Contributing Factors Linked to the Type 2 Diabetes Epidemic
Posted on September 30 2014
As the type 2 diabetes epidemic continues to grow, researchers have started looking into what other kinds of contributing factors (other than obesity) might be playing a role in the onset of type 2 diabetes. While the existing collection of research on type 2 diabetes has shown that there is definitely a significant connection between type 2 diabetes and obesity, more recent studies have identified at least 3 other additional factors that could be contributing to the type 2 diabetes epidemic. Although the concept of obesity not being the only cause for type 2 diabetes is not a new idea, these newer studies help provide valuable insight into the various factors contributing to a type 2 diabetes diagnosis, which can help the experts identify more effective strategies for prevention and develop more successful treatment options.
Contributing Factors Linked to the Growing Type 2 Diabetes Epidemic Include:
-- Genetic mutations
-- A hormone called amylin
-- Disturbances in the body’s natural clock
While “obesity is clearly a part of type 2 diabetes for most people,” a person’s weight can’t be used as a sole predictor for their risks of developing type 2 diabetes. Like Dr. Christine Resta, an endocrinologist at MaimonidesMedicalCenter in New York City said, “there are thin people who get type 2 diabetes, and some people -- no matter what they weigh -- just won't get diabetes.” With that being said, it is important to note that your weight still remains one of the most significant and controllable factors related to the prevention and management of type 2 diabetes. Like Dr. Resta went on to explain, “if people lose just 5 to 10 percent of their body weight, they can make a difference in their diabetes.” Dr. Resta also explained that a type 2 diabetes diagnosis is probably about half luck (being caused by uncontrollable factors like your genes and family history) and half your lifestyle (being caused by things you do, or don’t do).

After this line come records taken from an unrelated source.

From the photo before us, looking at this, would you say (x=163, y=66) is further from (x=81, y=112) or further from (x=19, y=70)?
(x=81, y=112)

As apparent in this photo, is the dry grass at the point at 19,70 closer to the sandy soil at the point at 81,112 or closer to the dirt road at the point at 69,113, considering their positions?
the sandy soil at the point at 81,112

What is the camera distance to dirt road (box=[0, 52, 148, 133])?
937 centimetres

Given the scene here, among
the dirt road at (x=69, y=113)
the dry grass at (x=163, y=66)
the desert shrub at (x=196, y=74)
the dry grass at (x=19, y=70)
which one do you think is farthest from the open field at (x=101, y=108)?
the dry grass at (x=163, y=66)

Type 2 diabetes is a condition where the body is unable to properly use insulin. According to the 2014 statistics report from the US Centers for Disease Control and Prevention, “at least 1 out of 3 people will develop the disease in their lifetime.” It’s rather alarming to see statistics reporting that in just one year (2012) there were 1.7 million people over the age of 20 years old were diagnosed with type 2 diabetes, especially since type 2 diabetes can be prevented in most cases! While you might not be able to control your genetics, you do have control over your lifestyle. Making an effort to maintain a healthier weight, follow a well-balanced diet plan, regulate your sleeping schedule, and lead a more active lifestyle are all effective ways to help reduce your risks for type 2 diabetes.